Fitch Rates Reopening of Welltower's Unsecured Bonds due 2025 'BBB+'

NEW YORK--()--Fitch Ratings has assigned a rating of 'BBB+' to the $500 million reopening of Welltower Inc.'s (NYSE: HCN) 4% senior unsecured notes due 2025. The notes were priced at 97.75% of the principal amount to yield 4.287% or a 218 basis point (bp) spread over the benchmark rate. A full list of Fitch's current ratings on HCN follows at the end of this release

KEY RATING DRIVERS

HCN's Issuer Default Rating (IDR) of 'BBB+' reflects the company's leverage which is appropriate for a diversified healthcare REIT, and sustained cash flows in excess of fixed charges from a portfolio in markets with strong demographics and derived principally from private pay sources. Credit strengths include strong access to capital and a deep management team. Credit concerns center on the potential for higher volatility in operating cash flows given REIT Investment Diversification and Empowerment Act (RIDEA) structured investments through-the-cycle and Fitch's broader worries concerning the healthcare REIT sector's rapid growth and the risk that companies in the sector may end up paying premium pricing for new investments or incurring higher leverage given the current cost of equity.

LOWER LEVERAGE; FURTHER IMPROVEMENTS TO MODERATE

Fitch projects leverage will remain around 5.5x over the next several years assuming blended 2.5% to 3% same store net operating income (SSNOI) growth and future investments with a split of 40% debt/60% equity and/or proceeds from asset sales. Leverage in the mid-5x range is down from the 6x-7.7x levels reported for the years ended 2010-2013, though these levels were influenced by the timing of acquisition closings. Moreover, HCN's capitalization and key credit metrics are generally consistent with those of its closest peers, HCP, Inc. (IDR: 'BBB+') and Ventas, Inc. (IDR: 'BBB+').

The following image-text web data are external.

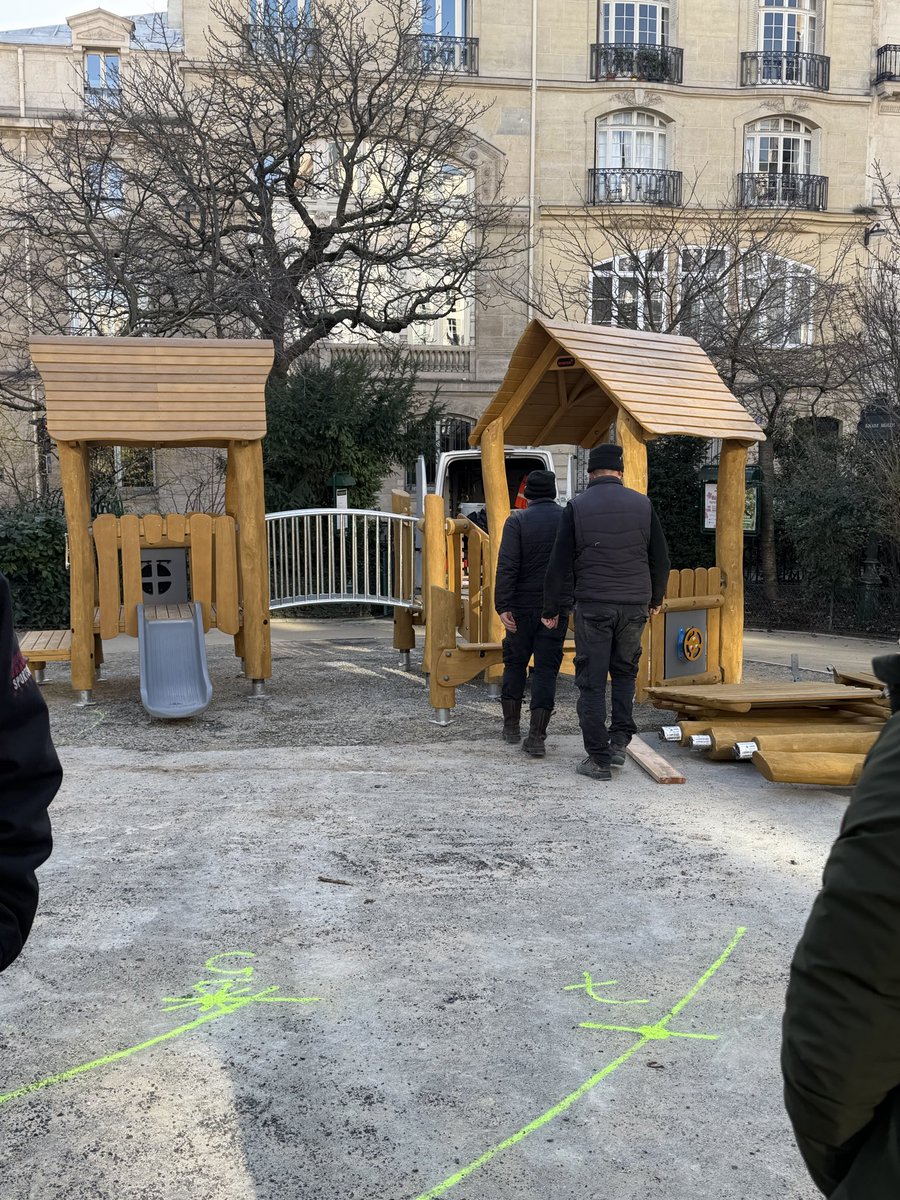 Mairie du 9e Paris tweet media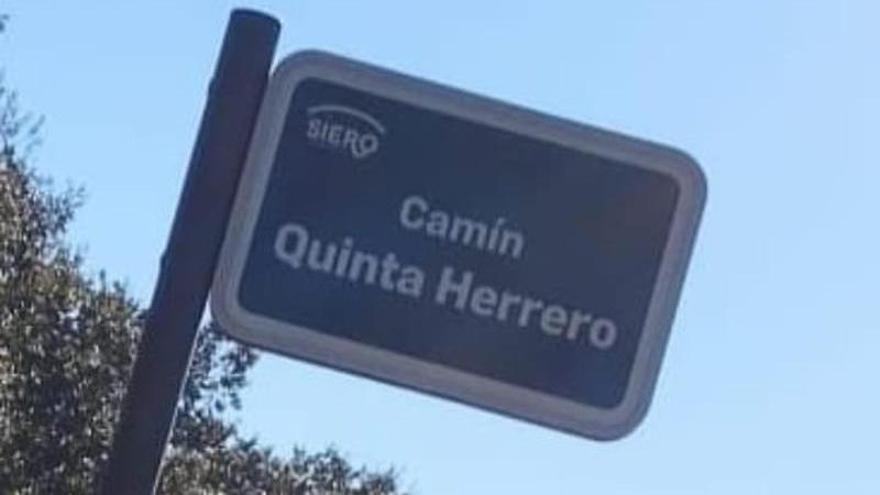 Siero se pasa de la raya en Llanera: un error provoca que un indicador de un camino sierense invada territorio de Pruvia
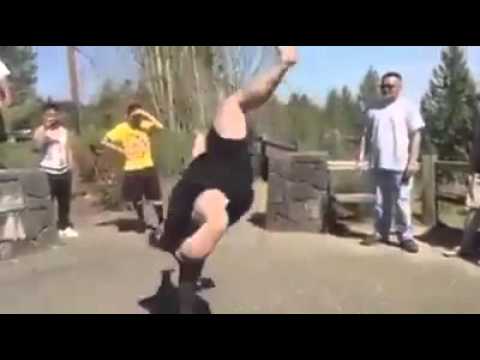 فيديو زعيم كوريا الشمالية يستعرض مهاراته في الرقص بشكل مذهل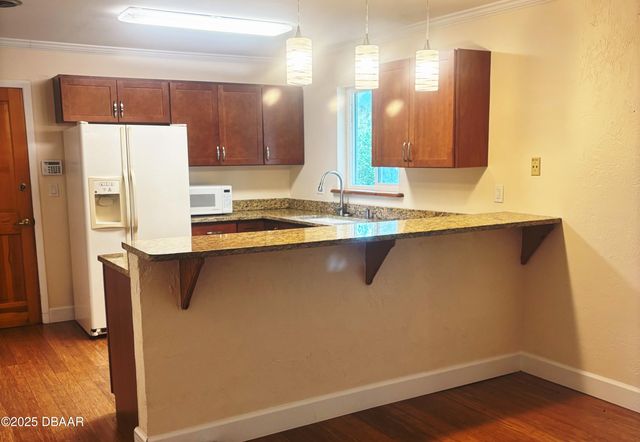 19 Capri Circle, Ormond Beach, FL 32174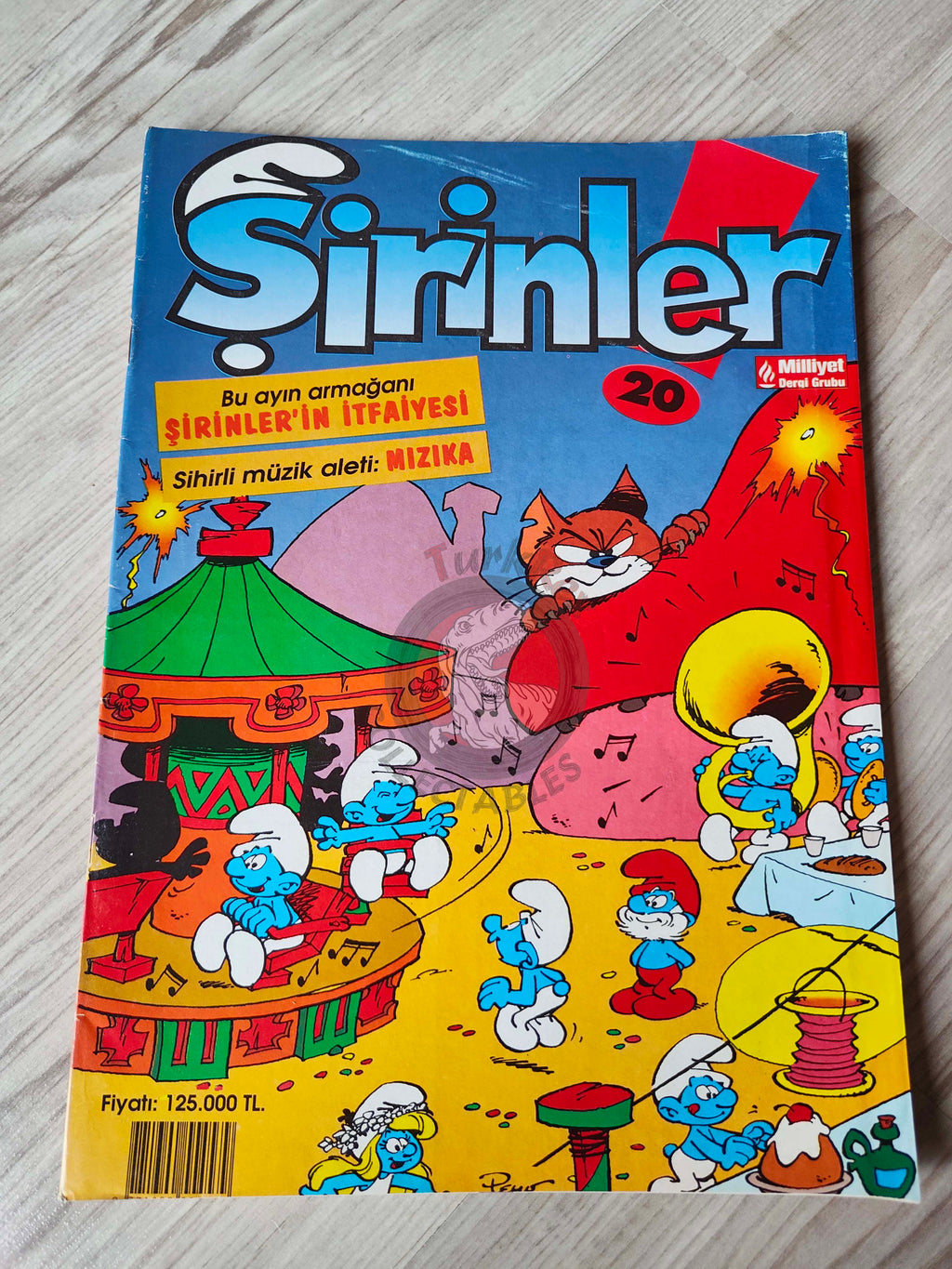 The Smurfs #20 1996 Turkish Comic Magazine Turkey Schtroumpf Pierrot et la lampe
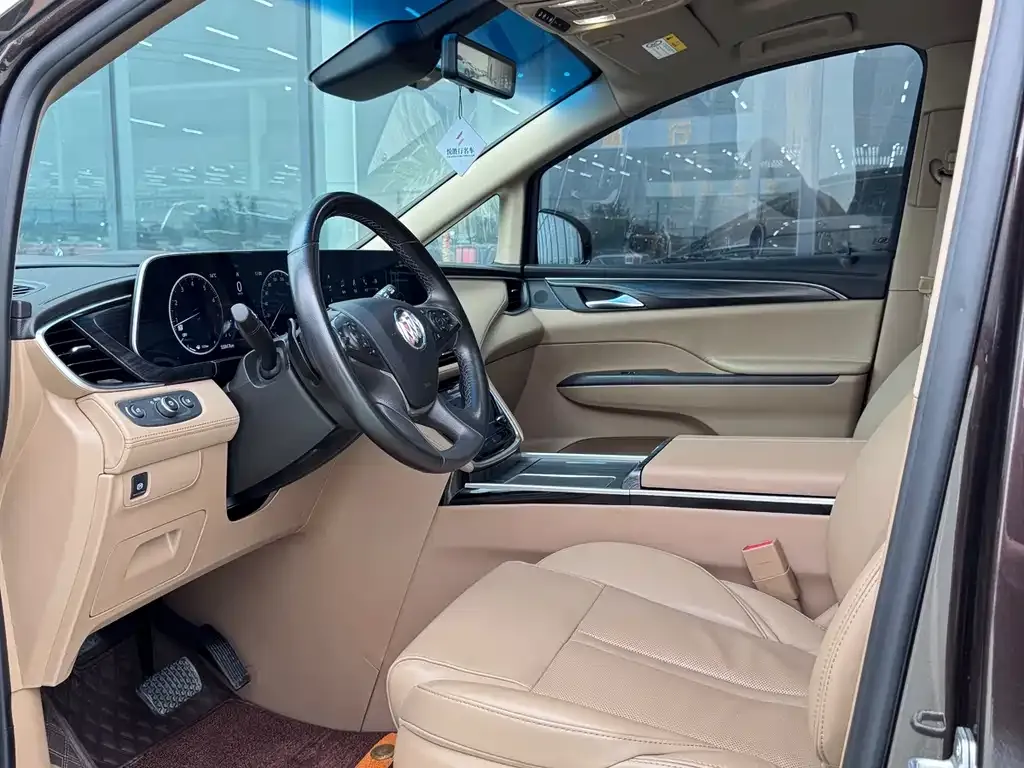 Buick GL8 2021 из CN, фото 3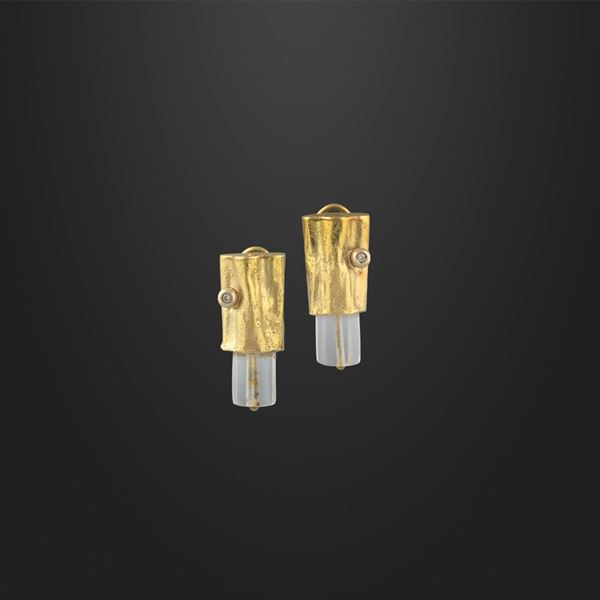 PAIR OF ROCK CRYSTAL, DIAMOND AND GOLD EARRINGS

In a stress case not anticipated by Fitch in which the company achieves lower SSNOI growth over the next several years and lower proceeds from equity offerings and/or asset sales, leverage would approach 6x, which would be weak yet still appropriate for the 'BBB+' rating. Fitch defines leverage as debt less readily available cash divided by recurring operating EBITDA including recurring cash distributions from unconsolidated entities.

Similar to leverage metrics, Fitch projects HCN's fixed-charge coverage (FCC) will maintain in the low-3x range over the next several years, which is appropriate for the rating. FCC was 3.2x for the trailing 12 months (TTM) ended June 30, 2015. Fitch defines FCC as recurring operating less straight-line rents and recurring capital expenditures, divided by total cash interest incurred and preferred dividends.

FOCUSING ON PRIVATE-PAY, LOWER COST SETTINGS; HIGHER RIDEA RISK

HCN's investment thesis focuses on reducing reimbursement risk exposure (private pay comprised 87% of second quarter 2015 [2Q15] facility revenue mix) and focusing on lower cost settings, which Fitch views favorably. However, as a result, HCN's largest segment has been RIDEA seniors housing operating assets which made up 35.4% of 2Q15 NOI, followed by triple net seniors housing at 27.2% and skilled nursing/post-acute at 21.1%.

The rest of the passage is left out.